5 free and legal ways to get the full text of research articles

By Carol Hollier on 07-Apr-2021 13:23:17

Accessing full text of research articles | IFIS Publishing

1.  Use your library if you have one !

If you are affiliated with a university, you probably have free library access to the full text of millions of research articles.   The library will have subscribed to these journals on your behalf. The smartest thing you can do for accessing research articles is familiarize yourself with your own library.
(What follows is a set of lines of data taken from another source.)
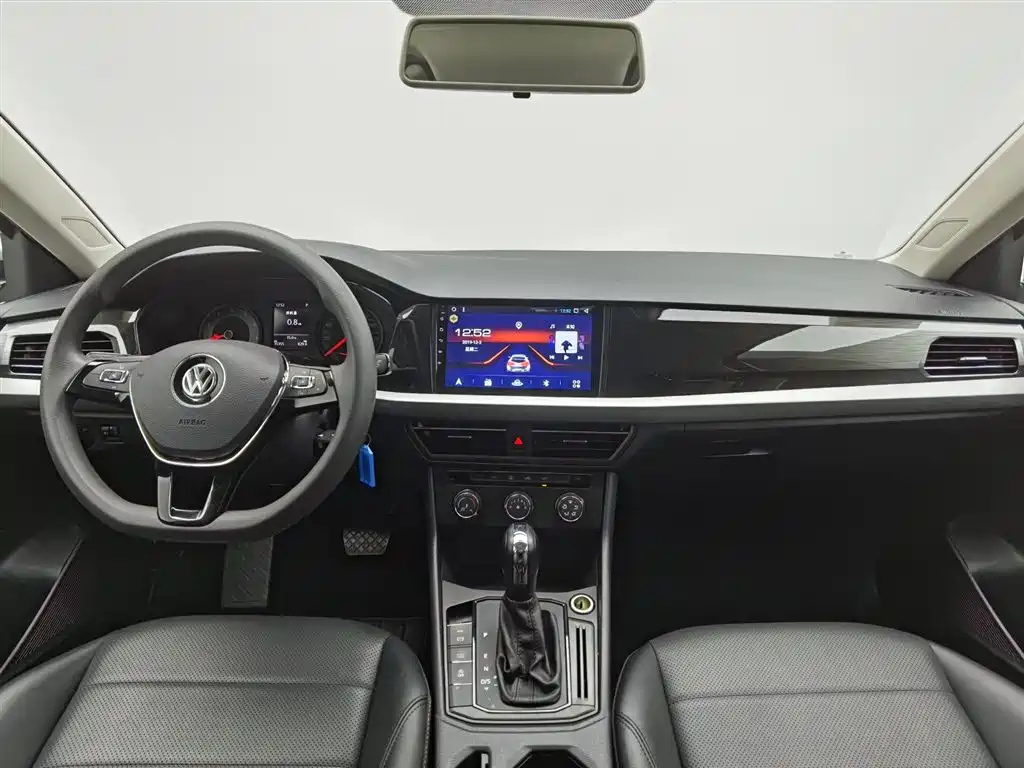 VOLKSWAGEN LAVIDA 2021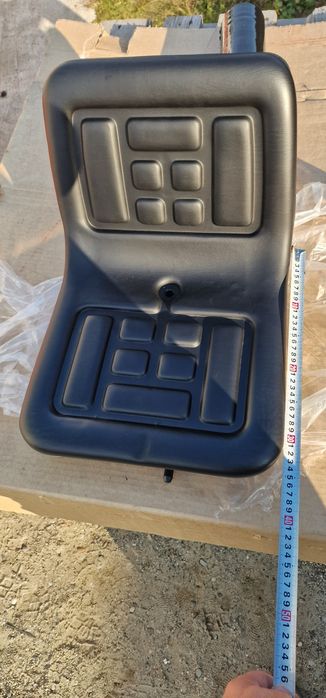 Scaun tractor macara multicar stivuitor preț 350 lei se poate trimite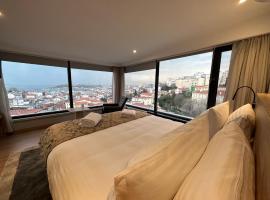 Louis Rooms，位于伊斯坦布尔阿斯马利梅西特街附近的酒店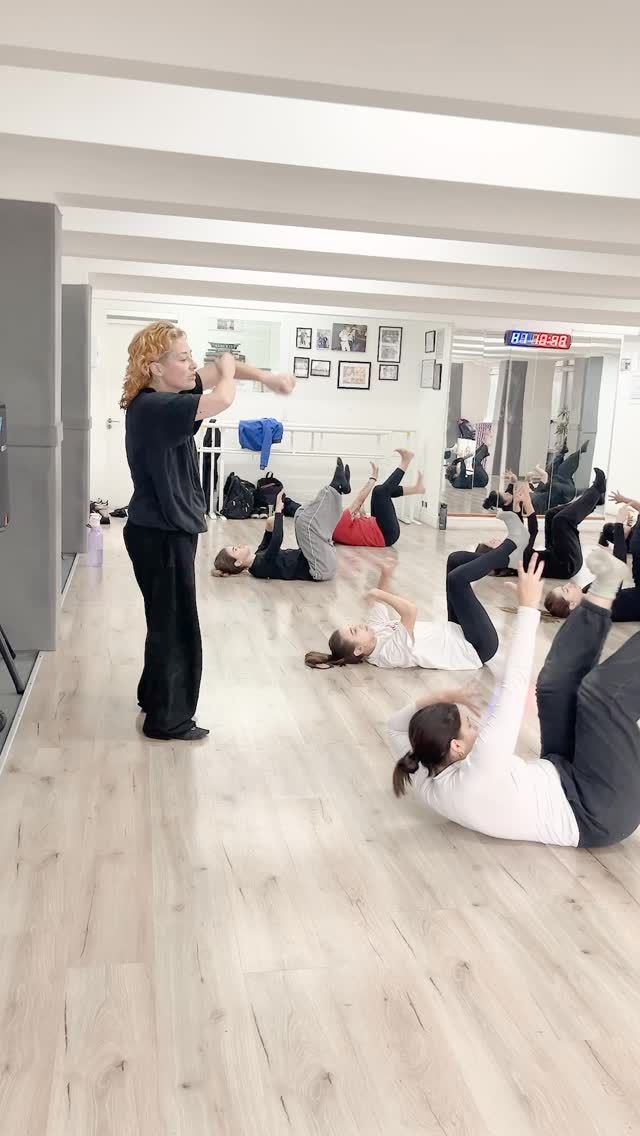 Así se vive una clase de Contemporáneo en 4º año ✨

Un espacio de investigación, técnica y conciencia corporal.

Con la guía de @karina.novelino 💫

¿Qué clase tienen ganas de ver 👀?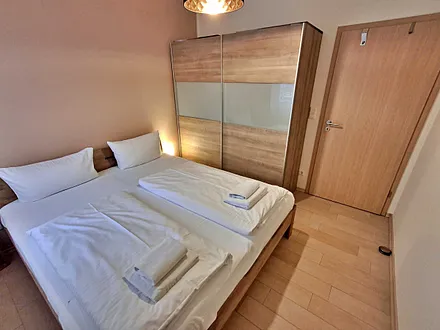 2. Schlafzimmer mit Doppelbett und Kleiderschrank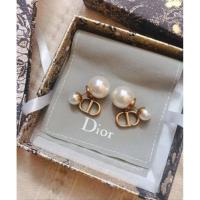 ราคา DIOR ต่างหูแบบเรโทร CD เพชรสุดหรู เหมาะสำหรับของขวัญวันพิเศษ (43727629208)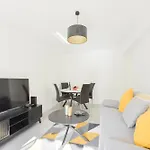 Apartment With Terrace Walk To Beaches & Shopping
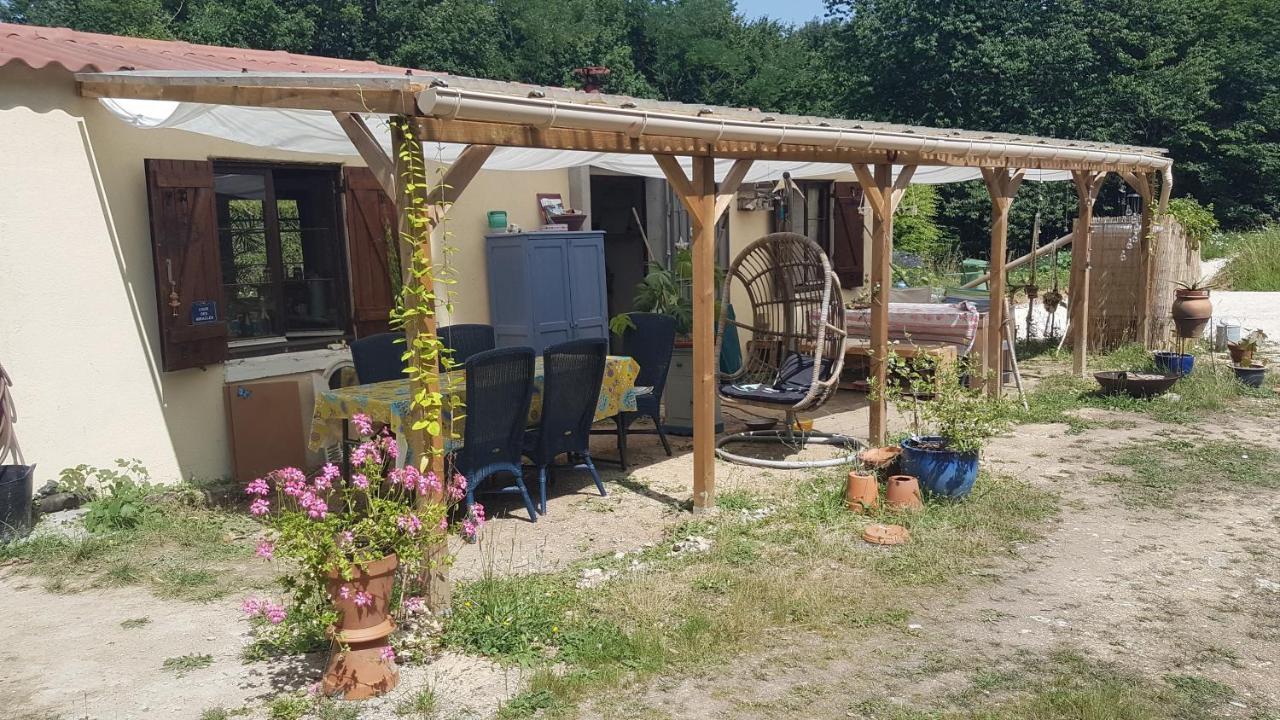 Lovely 2-Bed Shepherds Hut In A Forest Sougeres-en-Puisaye Kültér fotó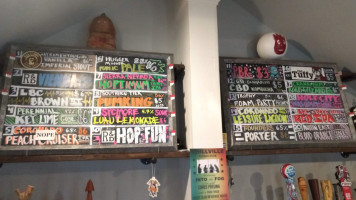 Yacht Club Beverage House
  • If you search a database your library will link from the records to the full text if they have it—all you need to do is click through the links.
  • When they do not have a copy of an article, a university library can get it for you from another library. This inter-library loan service is usually free to users.
  • Your library might use a browser extension like Lean Library or LibKey Nomad to link you to the library subscription or open access full text from wherever you are on the internet.
  • Google Scholar lets you configure your account to get links straight to your library’s subscription copy of an article.  But remember--side-by-side to library subscriptions for legitimate research, Google Scholar includes links to articles published in predatory and unreliable journals that would be unwise to credit in your own work.  Learn more about predatory journals.

If you are not affiliated with a university library, there are still ways you can successfully—and legally—get the full text of research articles.

2.  Open Access browser extensions  

More and more research is published Open Access as governments around the world are mandating that research paid for by taxpayer money be freely available to those taxpayers.

Browser extensions have been created to make it easy to spot when the full text of an article is free.   Some of the best are CORE Discovery , Unpaywall and Open Access Button .

Learn more about difference between discovery and access and why it matters for good research: Where to search - Best Practice for Literature Searching - LibGuides at IFIS

3. Google Scholar

You can search the article title inside quotation marks on Google Scholar to see if a link to a copy of the article appears.   If it does, be sure to pay attention to what version of the article you are linking to, to be sure you are getting what you think you’re getting.  These links can lead to an article's published version of record, a manuscript version, or to a thesis or conference proceeding with the same title and author as the article you expected to find.   

4.  Researcher platforms

 A Google Scholar search might lead you to a researcher platform like Academia.edu or ResearchGate .   There, if you set up an account, you can sometimes download or request a copy of the text.  Again, pay attention to which version of the text you get!

5.  Write to the author

If you can’t get a copy by other means, you can write to an article’s corresponding author and (politely!) ask them to send you a copy. Their contact information, usually an email address, will be listed in the information you find about the article, either in a database record for the article or on the publishing journal’s page for it. Many authors are happy to share a copy of their work.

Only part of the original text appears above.